1. Reveal the power and versatility of tree models.

2. Show how to exploit advanced features of existing software.

About the Instructor

Wei-Yin Loh has been actively doing research in the subject for almost thirty years. He is the developer or co-developer of the FACT, QUEST, CRUISE, LOTUS and GUIDE algorithms and has supervised more than twenty PhD theses in this area.
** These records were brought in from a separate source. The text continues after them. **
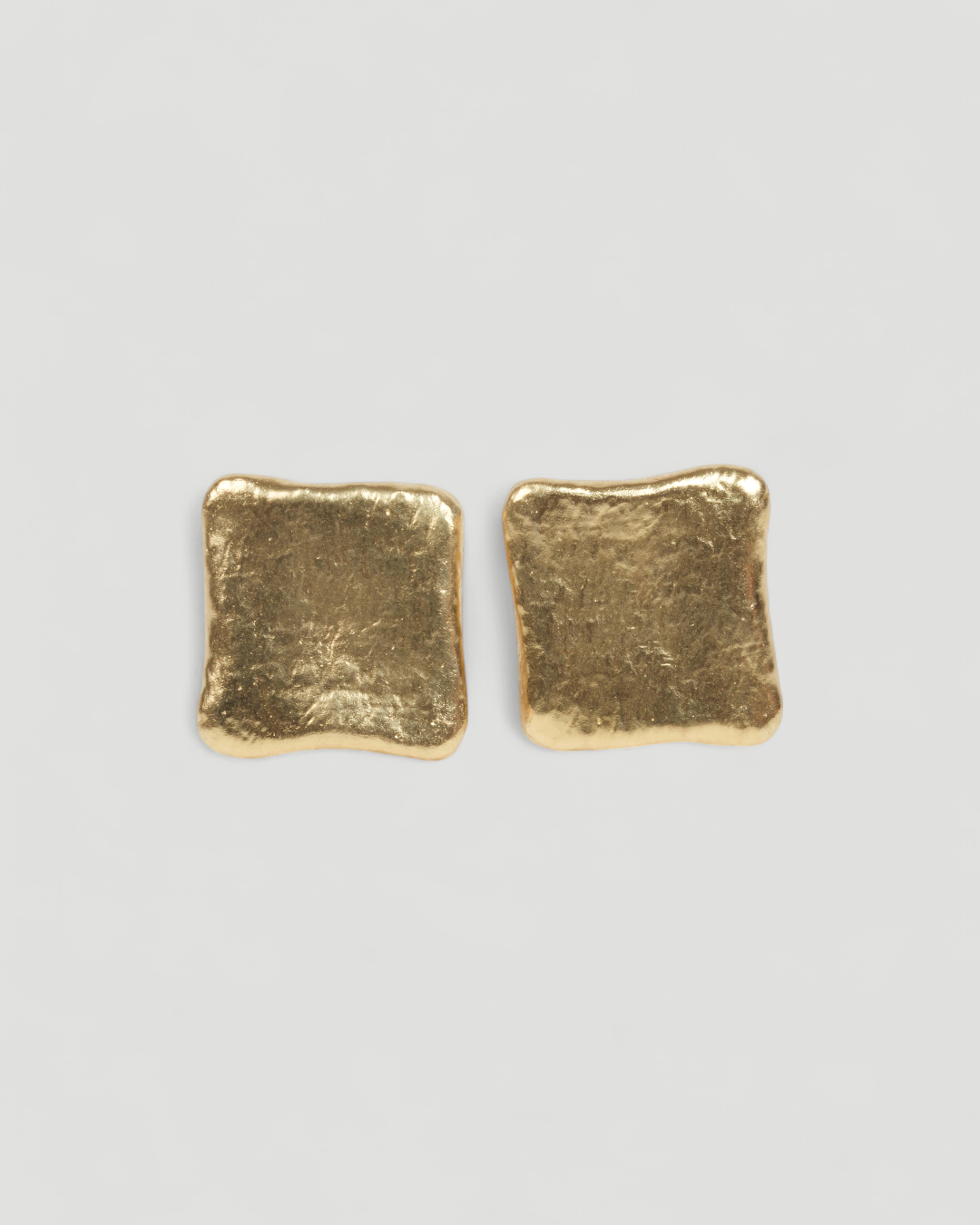 Eckiger Ohrschmuck aus 750 Gold, von Hand geschmiedet, Gesamtansicht von vorn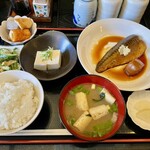 美味亭 - 煮鯖定食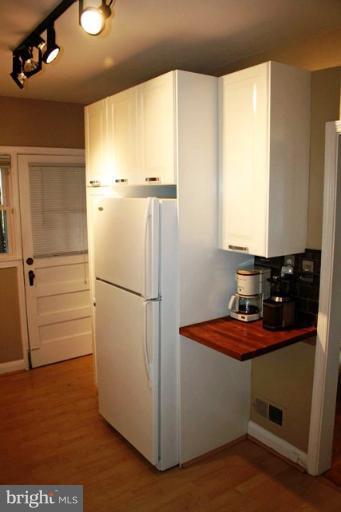 3624 Delverne Road Baltimore, MD 21218 - Photo 9 of 19 Kitchen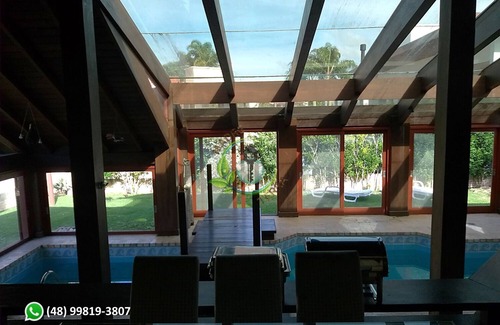 Jurere Internacional House | HOUSE WITH HEATED POOL 50M FROM THE SEA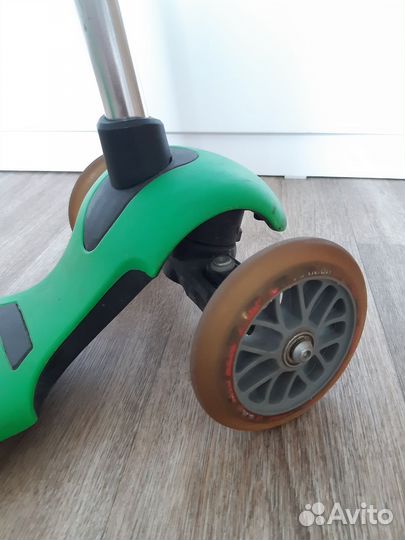 Самокат Glider deluxe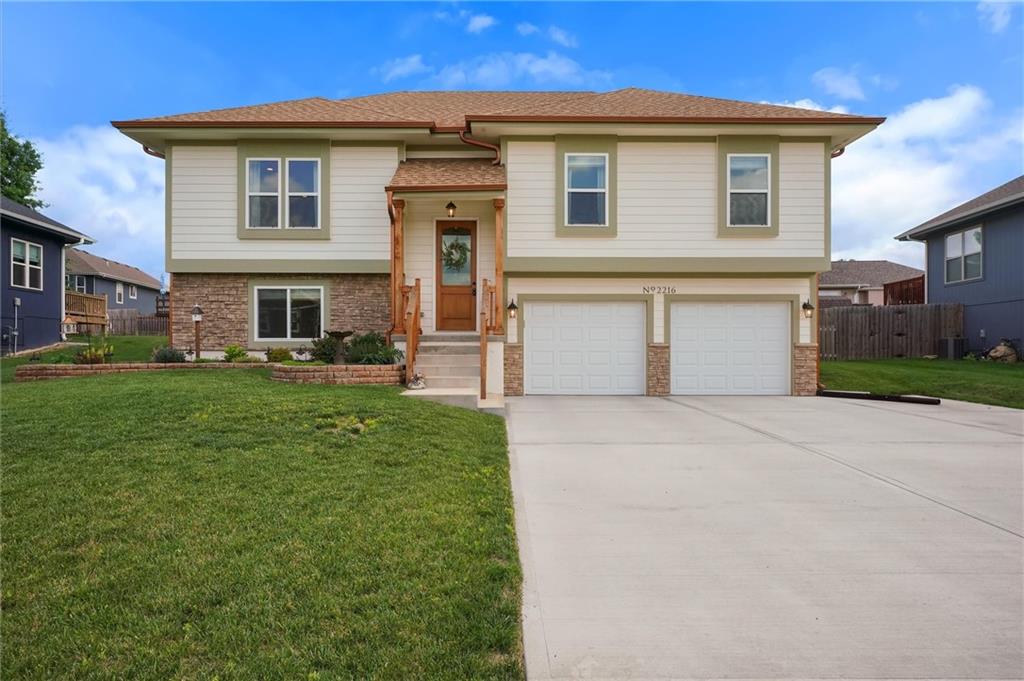 Listing Photo MLS #HMS2622829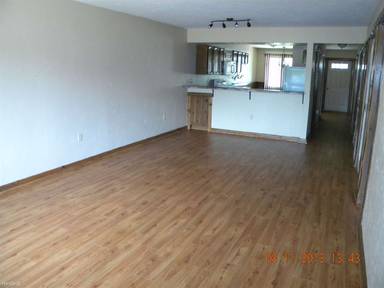 Main picture of 511 E 3rd St
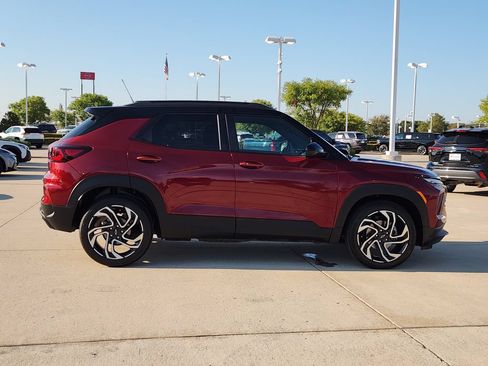 Used 2025 Chevrolet TrailBlazer RS w/ Convenience Package FWD image 4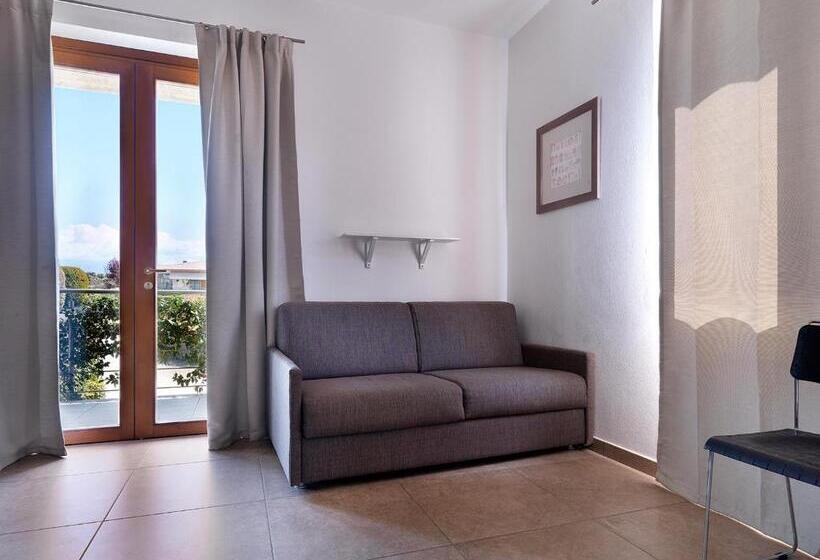 شقة غرفتين نوم مزودة بشُرفة, Residence Il Melograno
He has given one and two-day courses on classification and regression trees to professional societies (KDD 1999, 2001; JSM 2007, 2011, 2013, 2015; U.S. Army Applied Statistics Conference 1995, 1999; Interface Conference 2013; ASA Northeastern Illinois Chapter 2014; ICSA Applied Statistics Symposium 2015; Midwest Biopharmaceutical Statistics Workshop 2015; Washington Statistical Society 2015), major biopharmaceutical companies, and overseas universities (National University of Singapore 2010 and 2014; East China Normal University 2012; National Tsinghua University, Taiwan, 2012; City University of Hong Kong 2014). He is a consultant on regression tree methods to government and industry. He regularly teaches a semester-long graduate course on the subject at the University of Wisconsin, Madison.

Relevance to Conference Goals

The course will introduce to beginners a new set of statistical tools that is time-tested and is used increasingly in academia and industry. It will teach non-beginners how to exploit the features of existing software, such as their use in simulation experiments. In addition, the course will teach attendees how to respond to questions about tree models, such as their interpretation and statistical significance, and how they compare with models from traditional methods in terms of prediction accuracy, underlying assumptions, and sensitivity to outliers, collinearity, and missing values. The course will have an immediate positive impact on a statistician's job by increasing his/her array of tools.